吴昌嵘 陈 晨 孟晓文 董家媛
(中国劳动关系学院经济管理学院 北京 100048)
“数字普惠金融”这一概念的首次提出是在2016年9月的G20峰会上。作为G20峰会的议题之一,《G20数字普惠金融高级原则》明确了数字普惠金融的发展方向是提升国家金融服务的水平。随着我国金融数字化程度和普惠力度的不断加深,2020年4月9日《中共中央国务院关于构建更加完善的要素市场化配置体制机制的意见》对普惠金融工作提出了新的更高要求。2020年11月3日的《中共中央关于制定国民经济和社会发展第十四个五年规划和二〇三五年远景目标的建议》将数字普惠金融作为未来我国金融改革发展的主要方向之一。2021年发布的聚焦“三农”问题的中央一号文件,首次提出发展农村数字普惠金融,指明了互联网金融平台发展的新方向。近五年来,我国金融服务发展的实践证明,数字普惠金融的确实现了金融服务的社会性发展。金融能优化社会资源和财富的配置,这是其核心功能。而优化生产和消费资料配置的目的是释放居民消费潜力,刺激消费需求。因此,金融发展与居民消费关系紧密,金融服务的发展和创新也能够解决内需的一系列问题。“十四五”时期,我国扩大内需战略的重点之一是满足居民高质量消费需求,提升消费层次。因此,在以国内大循环为主体、国内国际双循环相互促进的新发展格局下,研究数字普惠金融发展对居民消费的影响这一主题,具有重要的理论和实践意义。
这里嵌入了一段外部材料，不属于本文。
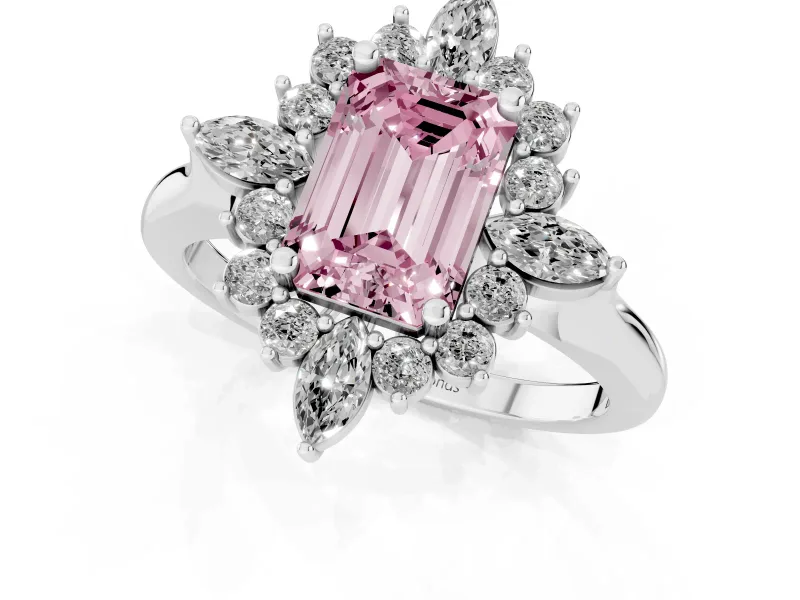 Emerald Cut Engagement Ring Setting for a Fancy Pink Lab-Grown Diamond | Platinum - Design NV-24790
学术界关于数字普惠金融发展对居民消费影响的研究侧重点之一是异质性分析,包括对核心解释变量和被解释变量的异质性分析。
目前,学术界用来衡量数字普惠金融发展的最权威、最主流的指标是北京大学数字普惠金融指数。对核心解释变量的异质性分析包括对数字普惠金融发展水平和结构的异质性分析。数字普惠金融发展水平的异质性分析,即按照数字普惠金融发展总指数的高低进行分组回归。数字普惠金融结构的异质性分析,即将基准回归模型中数字普惠金融总指数分别替换成覆盖广度指数、使用深度指数以及数字化程度指数共三个一维指数进行回归,这亦可看作基准回归的稳健性检验方法之一。例如,唐勇等研究发现,数字普惠金融覆盖广度、使用深度和数字化程度皆能显著优化农村居民消费结构,其中,数字化程度带来的提升作用最强,使用深度次之,覆盖广度最弱;肖远飞和张柯扬研究发现,数字普惠金融的覆盖广度和数字化程度对我国城镇和农村居民的消费水平均具有显著的提升作用,而使用深度会对二者产生抑制作用,且对后者的抑制作用更强;蒋竹媛研究发现,数字普惠金融广度和深度都能缩小城乡居民消费差距。
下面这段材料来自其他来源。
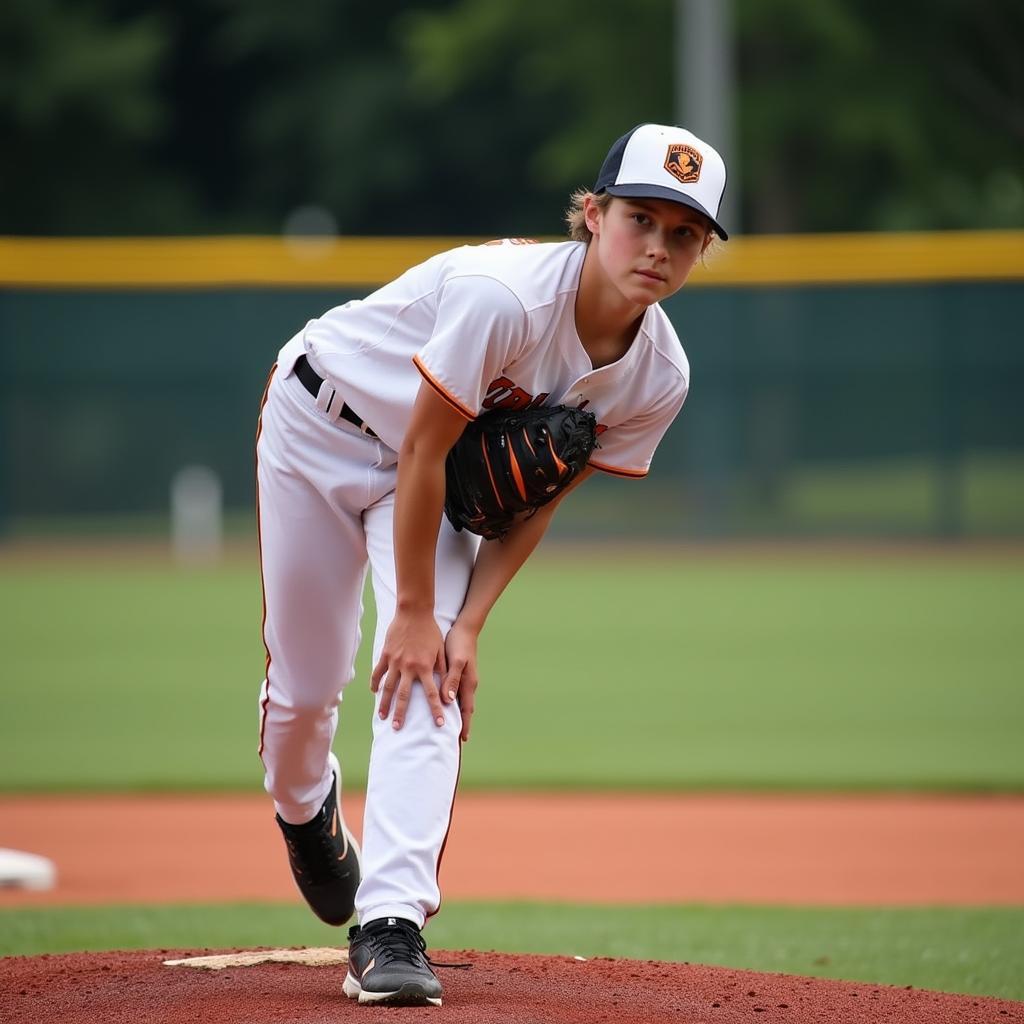 A focused youth baseball pitcher on the mound during a Triple Crown Tournament game.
学者们对居民消费的研究包括消费的扩容提质、缩小消费不平等和城乡消费差距等。其中,“扩容”指消费水平的提高或消费规模的扩张,“提质”指消费结构的优化或消费层次的提升。对被解释变量进行异质性分析的实质是将我国居民消费群体按照不同的标准进行划分。这一标准可以是消费者所处地理区域、发展状况,以及各种人口统计学特征等。消费者所处地理区域及其发展状况就是消费者所处的外部环境,可对此进行宏观环境特征异质性分析,包括城乡异质性、东中西区域异质性、区域经济发展程度异质性和区域金融规模异质性分析等;人口统计学特征反映的是消费者本身的状况,是微观特征,例如债务收入比异质性、收入异质性、受教育程度与户主认知能力的异质性以及居民消费水平和结构的异质性分析等。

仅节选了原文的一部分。